TASK DESCRIPTION:
Only the lines from the one containing "AF60HXK are the vehicle registration plates." through the one containing "Js Collections Magnolia" should be printed, exactly as they appear below, with both ends included.

-- DATA EXTRACT follows --

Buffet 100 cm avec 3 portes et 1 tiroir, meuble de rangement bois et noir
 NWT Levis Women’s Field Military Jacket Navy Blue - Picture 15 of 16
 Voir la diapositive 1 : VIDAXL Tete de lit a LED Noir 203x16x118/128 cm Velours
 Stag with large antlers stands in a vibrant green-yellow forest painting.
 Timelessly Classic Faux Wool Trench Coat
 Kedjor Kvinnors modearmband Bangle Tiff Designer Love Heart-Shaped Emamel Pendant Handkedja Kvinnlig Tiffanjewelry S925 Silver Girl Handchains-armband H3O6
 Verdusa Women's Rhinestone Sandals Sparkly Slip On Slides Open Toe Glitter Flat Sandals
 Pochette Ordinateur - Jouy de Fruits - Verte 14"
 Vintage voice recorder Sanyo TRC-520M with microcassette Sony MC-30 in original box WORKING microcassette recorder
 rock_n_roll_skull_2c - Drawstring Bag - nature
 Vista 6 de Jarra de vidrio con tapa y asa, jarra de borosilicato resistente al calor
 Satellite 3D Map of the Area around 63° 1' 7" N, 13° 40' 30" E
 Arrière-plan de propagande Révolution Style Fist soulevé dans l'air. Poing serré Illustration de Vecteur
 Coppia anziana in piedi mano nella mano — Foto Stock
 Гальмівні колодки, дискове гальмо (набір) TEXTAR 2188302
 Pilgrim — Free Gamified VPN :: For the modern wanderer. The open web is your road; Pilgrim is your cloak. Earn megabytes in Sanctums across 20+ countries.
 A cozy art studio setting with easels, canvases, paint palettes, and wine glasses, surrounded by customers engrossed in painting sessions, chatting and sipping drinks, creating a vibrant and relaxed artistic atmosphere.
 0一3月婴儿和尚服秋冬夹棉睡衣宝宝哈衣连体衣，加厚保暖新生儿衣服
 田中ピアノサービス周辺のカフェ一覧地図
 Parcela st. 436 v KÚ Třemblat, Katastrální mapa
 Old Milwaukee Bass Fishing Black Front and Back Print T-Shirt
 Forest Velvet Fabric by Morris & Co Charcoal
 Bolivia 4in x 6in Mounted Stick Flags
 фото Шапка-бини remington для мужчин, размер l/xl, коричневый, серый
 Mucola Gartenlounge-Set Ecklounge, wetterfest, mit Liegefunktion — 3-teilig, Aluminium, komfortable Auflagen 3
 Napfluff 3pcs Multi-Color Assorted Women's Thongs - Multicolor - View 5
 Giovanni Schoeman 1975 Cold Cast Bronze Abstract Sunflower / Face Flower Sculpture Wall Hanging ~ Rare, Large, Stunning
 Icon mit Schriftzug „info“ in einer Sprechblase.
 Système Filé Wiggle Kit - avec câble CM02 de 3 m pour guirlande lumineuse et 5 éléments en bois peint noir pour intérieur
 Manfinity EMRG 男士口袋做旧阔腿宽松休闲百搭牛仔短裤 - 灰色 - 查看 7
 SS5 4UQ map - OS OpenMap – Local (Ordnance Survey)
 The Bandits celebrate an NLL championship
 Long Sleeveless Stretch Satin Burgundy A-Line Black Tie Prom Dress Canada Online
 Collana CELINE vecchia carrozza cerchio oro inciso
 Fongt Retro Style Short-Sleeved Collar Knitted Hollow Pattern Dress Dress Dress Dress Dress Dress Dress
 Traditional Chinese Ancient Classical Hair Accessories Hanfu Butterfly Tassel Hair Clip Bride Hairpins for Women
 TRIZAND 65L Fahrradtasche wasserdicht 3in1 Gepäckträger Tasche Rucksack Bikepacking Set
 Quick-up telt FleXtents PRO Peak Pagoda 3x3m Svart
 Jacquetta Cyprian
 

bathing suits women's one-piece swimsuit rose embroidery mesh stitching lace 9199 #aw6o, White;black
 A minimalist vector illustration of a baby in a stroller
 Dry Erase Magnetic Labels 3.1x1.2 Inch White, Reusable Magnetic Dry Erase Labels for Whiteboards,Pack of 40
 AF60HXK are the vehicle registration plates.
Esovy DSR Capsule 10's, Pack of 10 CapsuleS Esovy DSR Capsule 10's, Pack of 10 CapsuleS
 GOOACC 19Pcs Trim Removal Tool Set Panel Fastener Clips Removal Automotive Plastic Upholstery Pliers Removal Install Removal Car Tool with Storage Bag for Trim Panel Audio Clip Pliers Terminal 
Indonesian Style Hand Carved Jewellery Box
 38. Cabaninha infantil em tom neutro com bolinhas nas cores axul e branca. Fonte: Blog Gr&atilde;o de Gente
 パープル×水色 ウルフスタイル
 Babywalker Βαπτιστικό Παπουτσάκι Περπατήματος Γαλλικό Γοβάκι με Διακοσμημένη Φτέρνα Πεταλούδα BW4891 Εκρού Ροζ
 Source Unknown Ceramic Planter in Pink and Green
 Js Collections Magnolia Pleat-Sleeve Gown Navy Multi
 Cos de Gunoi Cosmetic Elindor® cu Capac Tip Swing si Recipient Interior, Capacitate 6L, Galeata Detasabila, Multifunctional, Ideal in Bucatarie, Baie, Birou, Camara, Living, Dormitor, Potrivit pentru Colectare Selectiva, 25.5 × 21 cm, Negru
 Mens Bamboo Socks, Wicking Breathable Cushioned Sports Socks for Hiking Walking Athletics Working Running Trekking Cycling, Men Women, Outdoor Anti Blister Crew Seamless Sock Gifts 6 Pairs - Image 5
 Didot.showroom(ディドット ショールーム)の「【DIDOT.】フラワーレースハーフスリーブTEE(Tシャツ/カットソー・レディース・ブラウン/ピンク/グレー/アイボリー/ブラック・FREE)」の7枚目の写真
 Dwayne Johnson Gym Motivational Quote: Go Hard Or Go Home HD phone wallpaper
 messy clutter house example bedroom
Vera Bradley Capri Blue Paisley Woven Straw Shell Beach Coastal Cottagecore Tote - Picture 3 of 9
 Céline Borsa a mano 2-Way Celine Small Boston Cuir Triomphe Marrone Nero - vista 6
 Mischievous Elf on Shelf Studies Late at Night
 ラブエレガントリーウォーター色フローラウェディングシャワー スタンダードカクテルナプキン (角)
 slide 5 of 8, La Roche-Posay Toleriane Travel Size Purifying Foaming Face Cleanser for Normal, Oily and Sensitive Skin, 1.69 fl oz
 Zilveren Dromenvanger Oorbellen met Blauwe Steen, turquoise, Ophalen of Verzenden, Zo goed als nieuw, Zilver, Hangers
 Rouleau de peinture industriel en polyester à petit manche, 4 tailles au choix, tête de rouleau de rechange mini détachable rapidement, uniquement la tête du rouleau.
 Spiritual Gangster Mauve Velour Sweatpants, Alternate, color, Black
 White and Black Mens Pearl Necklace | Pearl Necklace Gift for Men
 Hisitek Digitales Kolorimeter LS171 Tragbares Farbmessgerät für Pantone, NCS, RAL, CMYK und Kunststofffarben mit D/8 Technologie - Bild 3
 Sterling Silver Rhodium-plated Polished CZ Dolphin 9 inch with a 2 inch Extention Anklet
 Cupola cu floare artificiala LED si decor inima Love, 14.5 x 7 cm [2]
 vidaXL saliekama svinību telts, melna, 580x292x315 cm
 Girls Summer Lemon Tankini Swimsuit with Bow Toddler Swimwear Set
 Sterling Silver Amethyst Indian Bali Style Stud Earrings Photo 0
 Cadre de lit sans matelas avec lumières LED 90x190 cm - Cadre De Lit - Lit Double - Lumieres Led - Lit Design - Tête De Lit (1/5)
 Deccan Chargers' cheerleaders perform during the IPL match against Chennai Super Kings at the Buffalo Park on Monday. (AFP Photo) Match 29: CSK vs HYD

-- DATA EXTRACT concluded --

RESULT BELOW:
 AF60HXK are the vehicle registration plates.
Esovy DSR Capsule 10's, Pack of 10 CapsuleS Esovy DSR Capsule 10's, Pack of 10 CapsuleS
 GOOACC 19Pcs Trim Removal Tool Set Panel Fastener Clips Removal Automotive Plastic Upholstery Pliers Removal Install Removal Car Tool with Storage Bag for Trim Panel Audio Clip Pliers Terminal 
Indonesian Style Hand Carved Jewellery Box
 38. Cabaninha infantil em tom neutro com bolinhas nas cores axul e branca. Fonte: Blog Gr&atilde;o de Gente
 パープル×水色 ウルフスタイル
 Babywalker Βαπτιστικό Παπουτσάκι Περπατήματος Γαλλικό Γοβάκι με Διακοσμημένη Φτέρνα Πεταλούδα BW4891 Εκρού Ροζ
 Source Unknown Ceramic Planter in Pink and Green
 Js Collections Magnolia Pleat-Sleeve Gown Navy Multi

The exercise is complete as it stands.